▸ **Brief**
Find the line containing "9ct Yellow Gold" in the data below, then output that line and each one after it exactly, with nothing else.

▸ **Caption-style text data**
------------------------------------------------------------------------

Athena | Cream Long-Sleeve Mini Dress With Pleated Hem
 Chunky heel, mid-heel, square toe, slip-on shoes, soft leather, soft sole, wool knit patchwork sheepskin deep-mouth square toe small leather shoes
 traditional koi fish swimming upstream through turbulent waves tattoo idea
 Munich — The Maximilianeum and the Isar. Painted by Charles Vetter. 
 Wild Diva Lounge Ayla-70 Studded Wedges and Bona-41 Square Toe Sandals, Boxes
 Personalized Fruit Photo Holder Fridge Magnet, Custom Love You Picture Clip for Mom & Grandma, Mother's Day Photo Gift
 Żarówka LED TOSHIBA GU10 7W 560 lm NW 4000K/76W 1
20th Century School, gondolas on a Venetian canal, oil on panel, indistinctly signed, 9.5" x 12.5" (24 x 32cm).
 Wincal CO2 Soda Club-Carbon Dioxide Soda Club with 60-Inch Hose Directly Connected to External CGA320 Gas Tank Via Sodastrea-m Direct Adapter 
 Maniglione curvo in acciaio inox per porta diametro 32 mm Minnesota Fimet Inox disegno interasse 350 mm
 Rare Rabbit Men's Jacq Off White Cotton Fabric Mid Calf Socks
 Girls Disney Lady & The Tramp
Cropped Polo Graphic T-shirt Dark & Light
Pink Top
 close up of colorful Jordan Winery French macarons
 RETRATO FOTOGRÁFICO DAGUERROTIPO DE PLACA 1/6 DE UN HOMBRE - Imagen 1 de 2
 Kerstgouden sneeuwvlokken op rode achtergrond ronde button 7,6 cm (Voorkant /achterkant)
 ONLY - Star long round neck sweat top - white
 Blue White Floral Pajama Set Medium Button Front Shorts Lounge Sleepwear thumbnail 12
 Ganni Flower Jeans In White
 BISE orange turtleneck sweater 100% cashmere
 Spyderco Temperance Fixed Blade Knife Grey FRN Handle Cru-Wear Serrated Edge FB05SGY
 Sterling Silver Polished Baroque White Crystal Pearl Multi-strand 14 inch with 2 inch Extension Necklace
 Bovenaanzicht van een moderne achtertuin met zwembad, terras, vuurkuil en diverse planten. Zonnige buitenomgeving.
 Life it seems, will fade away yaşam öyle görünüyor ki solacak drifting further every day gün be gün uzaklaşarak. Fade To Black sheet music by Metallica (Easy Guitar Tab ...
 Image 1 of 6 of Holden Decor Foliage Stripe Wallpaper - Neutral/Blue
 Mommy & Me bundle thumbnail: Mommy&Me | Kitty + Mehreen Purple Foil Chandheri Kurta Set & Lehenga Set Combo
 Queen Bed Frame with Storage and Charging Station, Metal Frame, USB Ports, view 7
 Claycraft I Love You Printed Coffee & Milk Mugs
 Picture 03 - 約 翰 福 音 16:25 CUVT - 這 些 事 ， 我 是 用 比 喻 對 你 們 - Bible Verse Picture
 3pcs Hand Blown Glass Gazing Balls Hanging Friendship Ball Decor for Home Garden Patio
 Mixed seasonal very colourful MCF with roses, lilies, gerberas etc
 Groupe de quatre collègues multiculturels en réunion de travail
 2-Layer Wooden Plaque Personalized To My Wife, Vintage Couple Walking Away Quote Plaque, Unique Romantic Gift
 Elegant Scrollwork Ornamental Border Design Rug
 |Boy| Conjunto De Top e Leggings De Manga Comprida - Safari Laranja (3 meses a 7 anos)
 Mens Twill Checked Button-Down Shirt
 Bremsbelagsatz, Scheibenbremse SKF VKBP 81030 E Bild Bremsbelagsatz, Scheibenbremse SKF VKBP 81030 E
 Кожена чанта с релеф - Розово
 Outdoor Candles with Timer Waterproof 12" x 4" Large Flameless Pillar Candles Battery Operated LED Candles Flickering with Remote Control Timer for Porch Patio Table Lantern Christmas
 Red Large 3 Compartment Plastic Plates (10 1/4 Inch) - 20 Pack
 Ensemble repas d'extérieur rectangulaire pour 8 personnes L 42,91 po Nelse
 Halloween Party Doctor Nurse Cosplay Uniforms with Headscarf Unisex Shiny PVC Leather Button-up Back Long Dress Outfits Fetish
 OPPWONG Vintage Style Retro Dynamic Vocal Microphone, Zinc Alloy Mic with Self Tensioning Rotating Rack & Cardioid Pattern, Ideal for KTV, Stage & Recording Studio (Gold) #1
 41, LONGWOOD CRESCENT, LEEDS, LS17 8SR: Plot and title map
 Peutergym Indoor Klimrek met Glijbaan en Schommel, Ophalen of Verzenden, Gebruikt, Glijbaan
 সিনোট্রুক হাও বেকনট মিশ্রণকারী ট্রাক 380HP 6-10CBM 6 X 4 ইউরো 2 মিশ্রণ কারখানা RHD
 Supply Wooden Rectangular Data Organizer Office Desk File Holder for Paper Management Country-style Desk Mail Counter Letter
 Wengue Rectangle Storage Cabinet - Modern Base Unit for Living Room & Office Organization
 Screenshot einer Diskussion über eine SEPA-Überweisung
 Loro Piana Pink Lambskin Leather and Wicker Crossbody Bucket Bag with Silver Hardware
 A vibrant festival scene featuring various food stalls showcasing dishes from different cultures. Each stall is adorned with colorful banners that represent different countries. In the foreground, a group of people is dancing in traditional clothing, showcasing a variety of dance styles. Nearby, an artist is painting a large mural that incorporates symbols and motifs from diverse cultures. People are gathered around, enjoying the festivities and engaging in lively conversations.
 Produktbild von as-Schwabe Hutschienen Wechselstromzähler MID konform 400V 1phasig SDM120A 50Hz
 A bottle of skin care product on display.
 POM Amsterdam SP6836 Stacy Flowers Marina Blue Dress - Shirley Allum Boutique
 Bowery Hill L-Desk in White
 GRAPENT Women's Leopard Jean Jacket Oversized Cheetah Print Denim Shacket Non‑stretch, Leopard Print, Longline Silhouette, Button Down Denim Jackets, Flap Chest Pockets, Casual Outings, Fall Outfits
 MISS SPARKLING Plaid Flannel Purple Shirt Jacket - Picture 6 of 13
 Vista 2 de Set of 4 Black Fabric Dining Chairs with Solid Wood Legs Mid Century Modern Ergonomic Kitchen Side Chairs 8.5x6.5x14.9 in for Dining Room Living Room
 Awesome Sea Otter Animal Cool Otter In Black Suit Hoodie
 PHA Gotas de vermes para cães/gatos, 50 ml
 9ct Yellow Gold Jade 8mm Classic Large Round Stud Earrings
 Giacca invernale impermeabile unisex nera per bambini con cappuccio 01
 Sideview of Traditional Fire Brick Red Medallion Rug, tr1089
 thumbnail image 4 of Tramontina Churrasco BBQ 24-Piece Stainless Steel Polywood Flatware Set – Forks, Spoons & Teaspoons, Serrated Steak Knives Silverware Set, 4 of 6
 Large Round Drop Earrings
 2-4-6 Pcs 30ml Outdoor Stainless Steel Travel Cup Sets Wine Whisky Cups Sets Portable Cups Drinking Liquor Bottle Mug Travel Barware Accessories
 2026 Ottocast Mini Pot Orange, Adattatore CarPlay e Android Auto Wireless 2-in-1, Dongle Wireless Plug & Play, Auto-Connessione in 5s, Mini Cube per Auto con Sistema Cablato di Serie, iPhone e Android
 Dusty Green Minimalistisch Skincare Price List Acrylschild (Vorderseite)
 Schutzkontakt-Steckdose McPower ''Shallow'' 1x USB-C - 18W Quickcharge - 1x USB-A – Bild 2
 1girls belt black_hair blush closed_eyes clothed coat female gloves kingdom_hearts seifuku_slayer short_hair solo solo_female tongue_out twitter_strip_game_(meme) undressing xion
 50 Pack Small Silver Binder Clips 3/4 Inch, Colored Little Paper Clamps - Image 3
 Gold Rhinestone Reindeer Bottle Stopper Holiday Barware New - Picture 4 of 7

------------------------------------------------------------------------

▸ **Response area**
 9ct Yellow Gold Jade 8mm Classic Large Round Stud Earrings
 Giacca invernale impermeabile unisex nera per bambini con cappuccio 01
 Sideview of Traditional Fire Brick Red Medallion Rug, tr1089
 thumbnail image 4 of Tramontina Churrasco BBQ 24-Piece Stainless Steel Polywood Flatware Set – Forks, Spoons & Teaspoons, Serrated Steak Knives Silverware Set, 4 of 6
 Large Round Drop Earrings
 2-4-6 Pcs 30ml Outdoor Stainless Steel Travel Cup Sets Wine Whisky Cups Sets Portable Cups Drinking Liquor Bottle Mug Travel Barware Accessories
 2026 Ottocast Mini Pot Orange, Adattatore CarPlay e Android Auto Wireless 2-in-1, Dongle Wireless Plug & Play, Auto-Connessione in 5s, Mini Cube per Auto con Sistema Cablato di Serie, iPhone e Android
 Dusty Green Minimalistisch Skincare Price List Acrylschild (Vorderseite)
 Schutzkontakt-Steckdose McPower ''Shallow'' 1x USB-C - 18W Quickcharge - 1x USB-A – Bild 2
 1girls belt black_hair blush closed_eyes clothed coat female gloves kingdom_hearts seifuku_slayer short_hair solo solo_female tongue_out twitter_strip_game_(meme) undressing xion
 50 Pack Small Silver Binder Clips 3/4 Inch, Colored Little Paper Clamps - Image 3
 Gold Rhinestone Reindeer Bottle Stopper Holiday Barware New - Picture 4 of 7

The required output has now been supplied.